AIM OF THE EXERCISE: Every line of the data below is to be duplicated exactly, pictures excepted.

DATASET SECTION:
'''

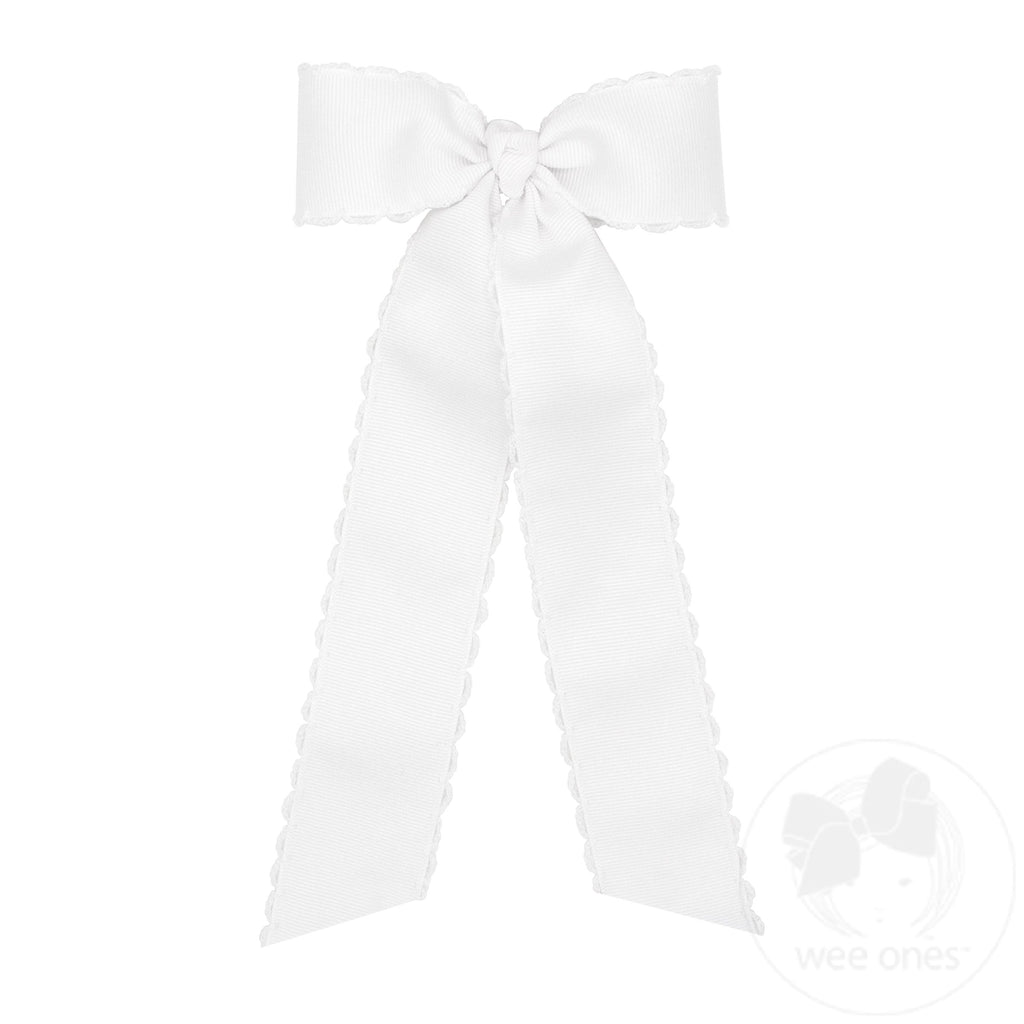 Medium Grosgrain Moonstitch Hair Bowtie with Knot Wrap and Streamer Tails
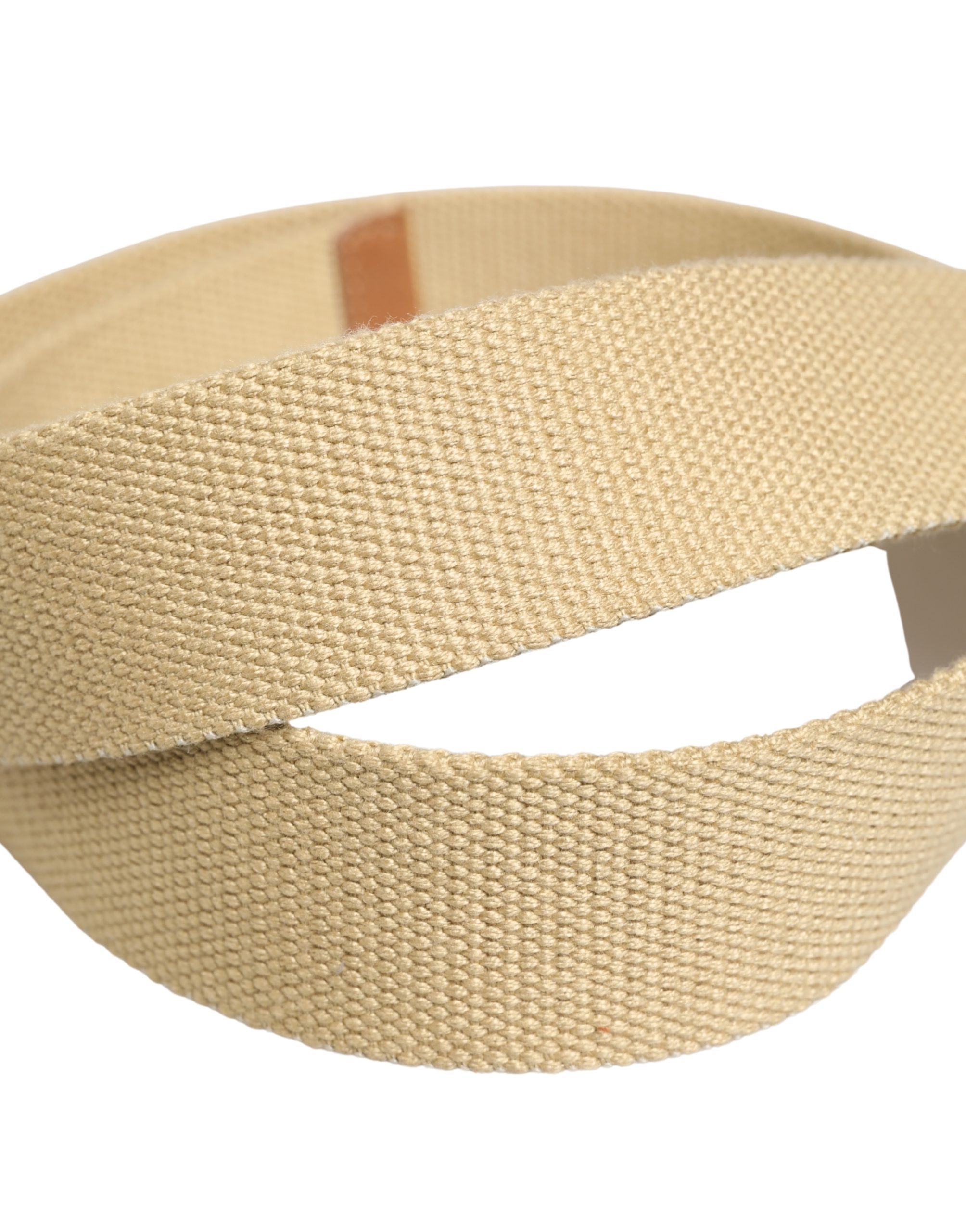 GF Ferre Men Beige Canvas Silver Metal Buckle Cintura Belt - Image 5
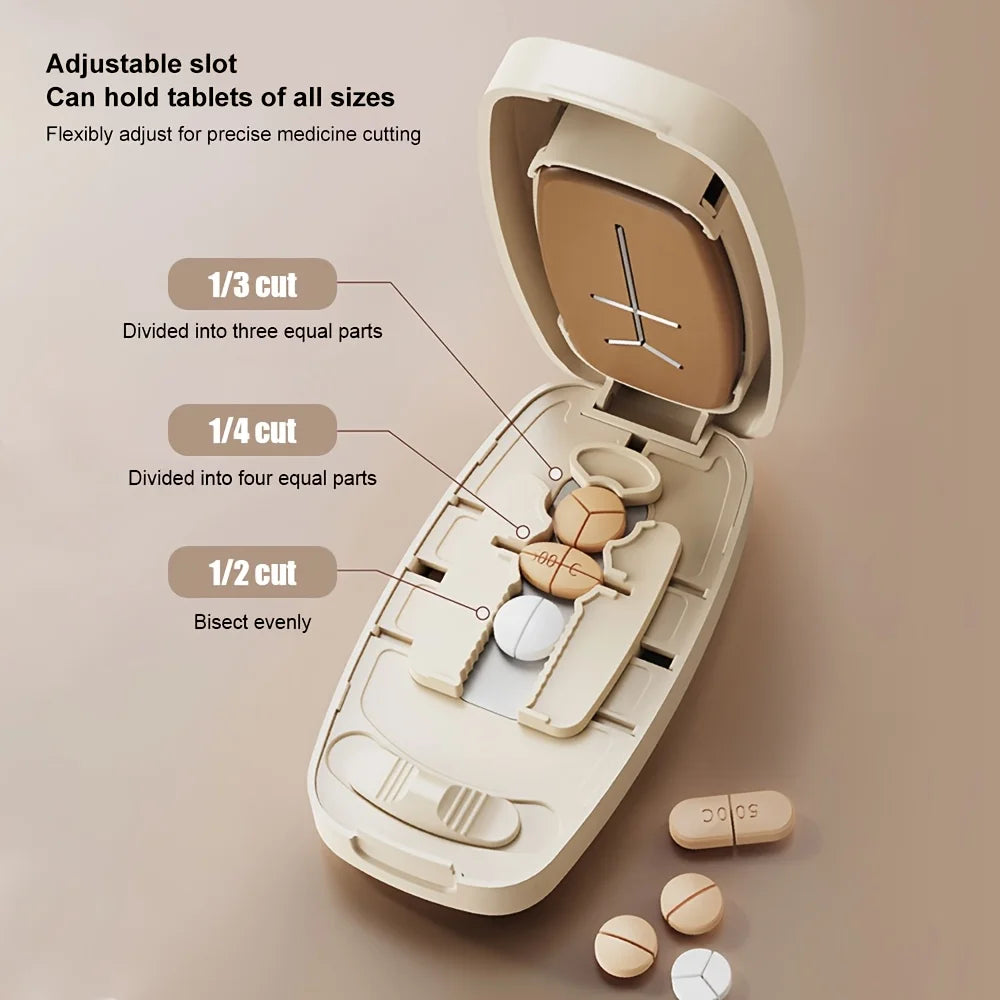 Pill Cutter Splitter – 1/2, 1/3 & 1/4 for Small Tablets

'''

EXPECTED OUTPUT:
 Medium Grosgrain Moonstitch Hair Bowtie with Knot Wrap and Streamer Tails
 GF Ferre Men Beige Canvas Silver Metal Buckle Cintura Belt - Image 5
 Pill Cutter Splitter – 1/2, 1/3 & 1/4 for Small Tablets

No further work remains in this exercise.